→ Exercise objective: For this exercise, reproduce only the lines from the one holding "桑蚕丝斜襟盘扣新中式衬衫，立领国风精致气质女装上衣25051635" through the final line of the data below, exactly, and omit pictures.

→ Data provided:
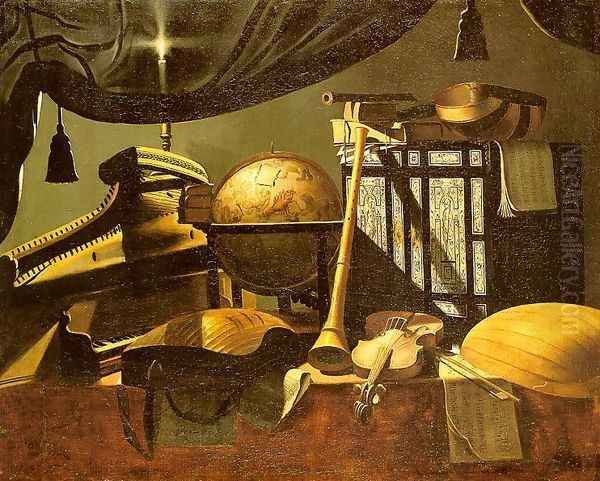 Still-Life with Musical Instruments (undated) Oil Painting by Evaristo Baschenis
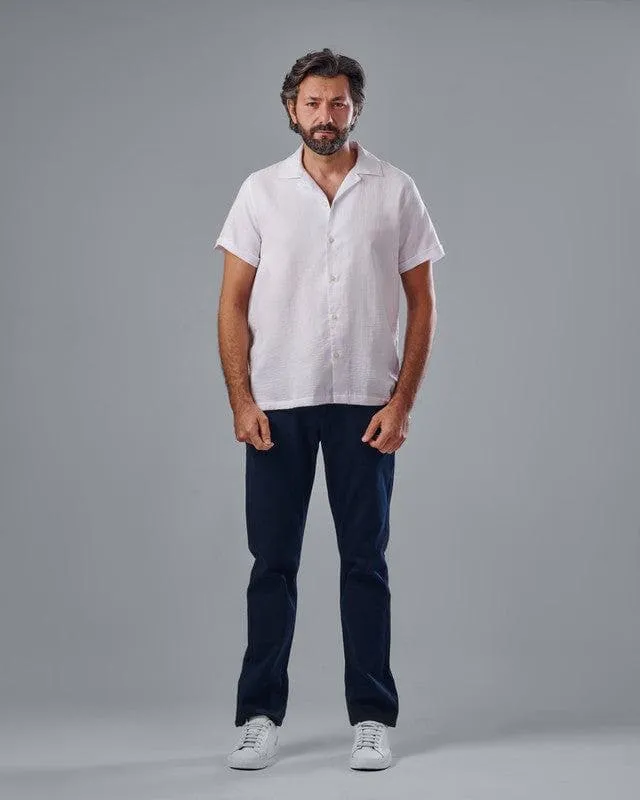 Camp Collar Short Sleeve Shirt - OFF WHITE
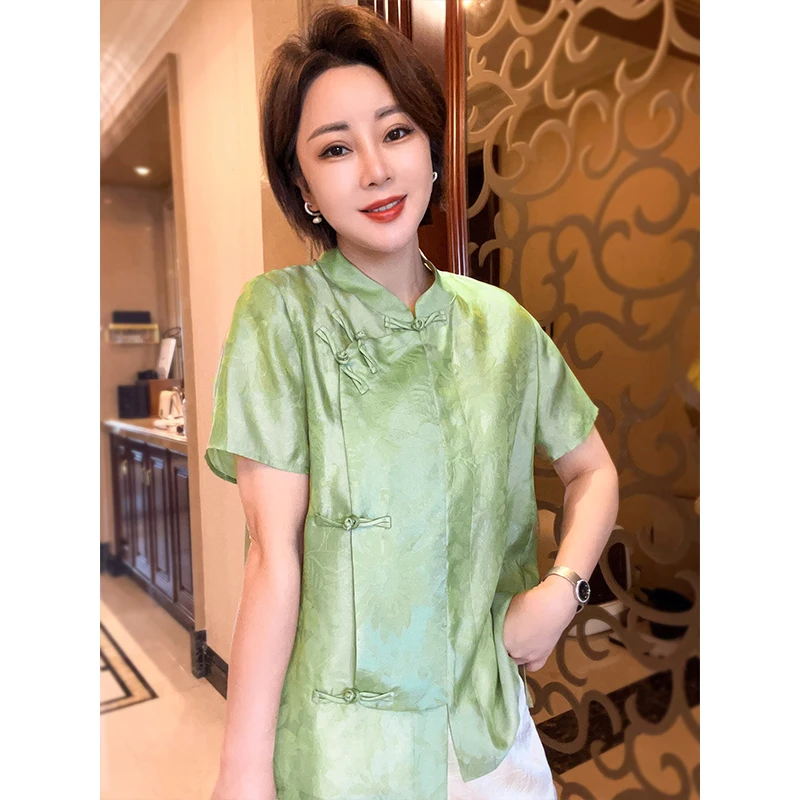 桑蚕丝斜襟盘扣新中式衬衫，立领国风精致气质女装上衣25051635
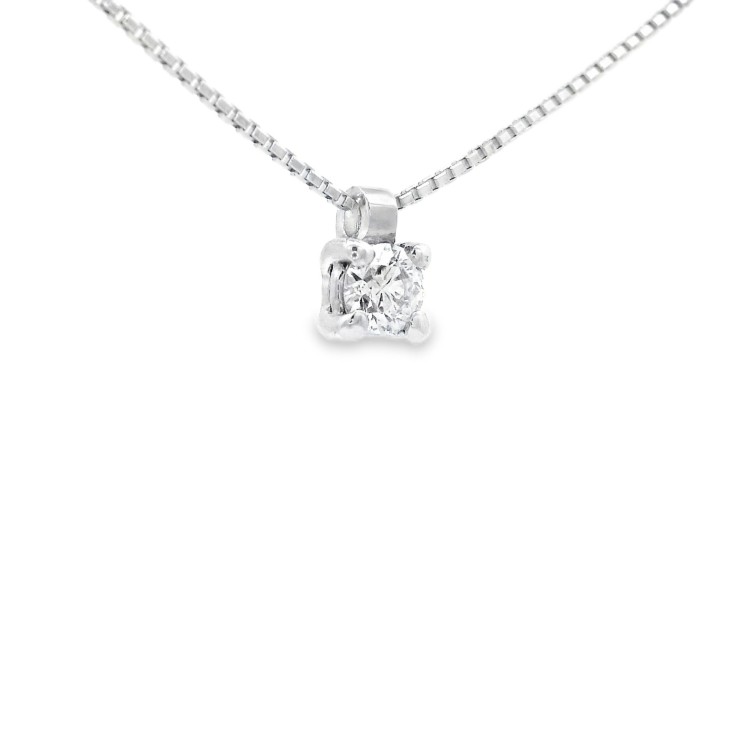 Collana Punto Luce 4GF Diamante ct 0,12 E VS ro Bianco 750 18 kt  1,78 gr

→ Task response:
 桑蚕丝斜襟盘扣新中式衬衫，立领国风精致气质女装上衣25051635
 Collana Punto Luce 4GF Diamante ct 0,12 E VS ro Bianco 750 18 kt  1,78 gr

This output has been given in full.